University Professor Emeritus of International Law and Practice Richard Falk was blocked from lecturing in two universities in the United Kingdom after co-authoring a report calling Israel an "apartheid" regime.
Middlesex University and the University of East London called off Falk's lectures, with Middlesex cancelling due to "health and safety concerns," and the University of East London claiming that Falk did not have proper approval to speak.
Criticism of Falk stems from his time serving as the United Nations Special Rapporteur on "the situation of human rights in the Palestinian territories occupied since 1967," a position he held from 2008 to 2014. After his election to the post in 2008, Falk was initially denied a visa to Israel, the West Bank, and the Gaza Strip by the Israeli government, following comments he made that Israel's treatment of the Palestinians to the atrocities committed by the Nazis in Europe.
Since then, Falk has criticized Israel's strikes on Gaza in December 2008, and in 2010 he published a report detailing the "most salient apartheid features of the Israeli occupation," including preferential citizenship for Jews over Palestinians, "punitive house demolitions," and "discriminatory arrangements" for traveling from the West Bank to Jerusalem.
Falk's final report in 2013 called for an investigation by the United Nations into Israel's treatment of Palestinian prisoners, citing instances of arbitrary detention, torture, and coerced confessions.
In 2017, Falk co-authored a report along with the Economic and Social Commission on Western Asia, comprised of 18 Arab countries, which again accused Israel of "apartheid." This report was withdrawn from the UN's webpage by Secretary General Antonio Guterres after global criticism, notably from the United States and Israel.
In an interview with the news organization Middle East Eye, Falk noted that his report only represented the opinion of the individuals writing the report, not that of the United Nations. He also added that the report was not as controversial as his critics make it out to appear.

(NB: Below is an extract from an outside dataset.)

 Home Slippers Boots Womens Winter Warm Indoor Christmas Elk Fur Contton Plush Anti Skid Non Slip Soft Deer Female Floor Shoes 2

"[The report] looks at the contention of apartheid as applicable to the Palestinian people as a whole, and not just those living under occupation," he said. "This means including refugees, involuntary exiles, the minority in Israel, and residents of Jerusalem within a coherent overall structure of systematic discriminatory domination."
"The United States stands with our ally Israel and will continue to oppose biased and anti-Israel actions across the UN system and around the world," U.S. Ambassador to the United Nations Nikki Haley said in a statement. "The United Nations Secretariat was right to distance itself from this report, but it must go further and withdraw the report altogether."
UN Watch, a Geneva-based human rights organization, further called for the United Kingdom to expel Falk for his comments last week. In a letter to UK Prime Minister Theresa May, the organization states that Falk has been officially denounced by the UK three times for anti-Semitism. The letter notes further that Falk published an anti-Semitic cartoon in 2011 and provided "the cover endorsement of a virulently anti-Semitic book that describes Jews as Nazis, and which asks whether 'Hitler might have been right after all.'"
Falk described his treatment in the UK as endemic of the trend of restricting academic freedom on university campuses, noting that those calling him "anti-Semitic" are missing the point.
"As far as I can tell, there is a growing kind of feeling that the educational establishment in Britain, specifically in England, has been kind of intimidated in dealing with those who are seen as critics of Israel," he explained in an op-ed in the Middle East Eye. "What is disturbing about my experience is not only the personal loss of opportunities to discuss my views on Palestine and bringing a sustainable peace to both peoples, but also the adverse institutional consequences of silencing discussion of controversial issues of wider public interest."